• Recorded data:

============

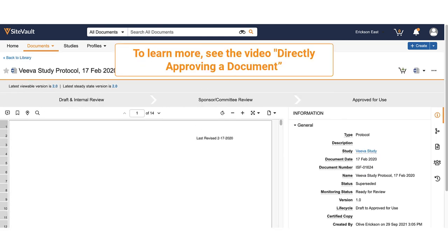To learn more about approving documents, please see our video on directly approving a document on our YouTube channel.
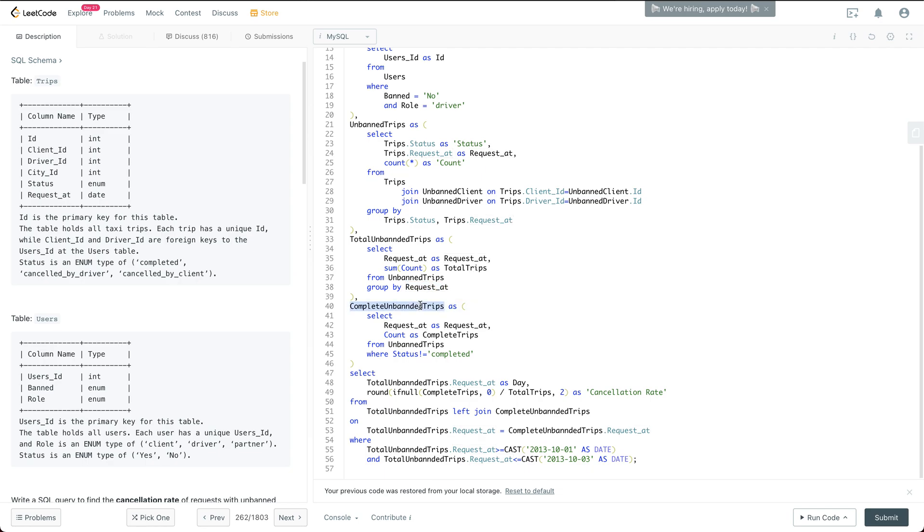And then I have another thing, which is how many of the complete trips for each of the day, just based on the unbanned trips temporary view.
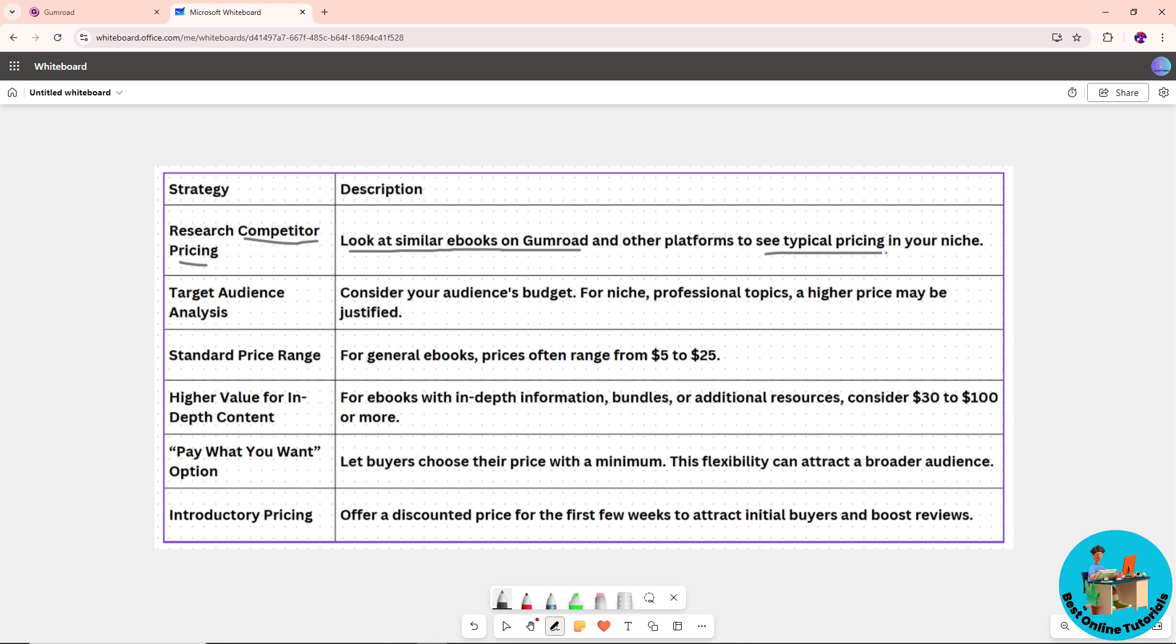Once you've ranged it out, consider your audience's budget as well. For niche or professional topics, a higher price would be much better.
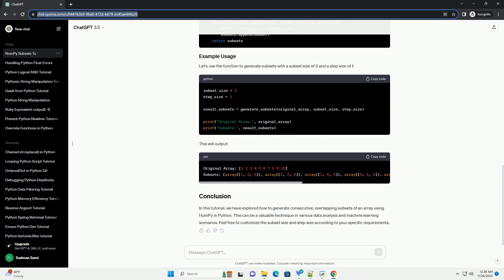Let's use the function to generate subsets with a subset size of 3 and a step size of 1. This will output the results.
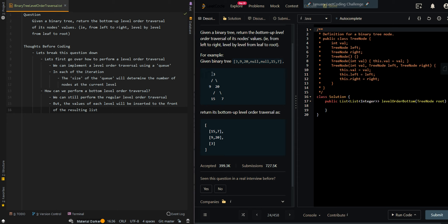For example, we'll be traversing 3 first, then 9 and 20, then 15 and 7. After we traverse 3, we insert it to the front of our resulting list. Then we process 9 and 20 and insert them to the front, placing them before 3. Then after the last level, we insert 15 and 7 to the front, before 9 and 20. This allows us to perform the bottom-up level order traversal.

============

• Exercise directions: The entries above should be given again exactly, minus any pictures.

• Response:
To learn more about approving documents, please see our video on directly approving a document on our YouTube channel.
And then I have another thing, which is how many of the complete trips for each of the day, just based on the unbanned trips temporary view.
Once you've ranged it out, consider your audience's budget as well. For niche or professional topics, a higher price would be much better.
Let's use the function to generate subsets with a subset size of 3 and a step size of 1. This will output the results.
For example, we'll be traversing 3 first, then 9 and 20, then 15 and 7. After we traverse 3, we insert it to the front of our resulting list. Then we process 9 and 20 and insert them to the front, placing them before 3. Then after the last level, we insert 15 and 7 to the front, before 9 and 20. This allows us to perform the bottom-up level order traversal.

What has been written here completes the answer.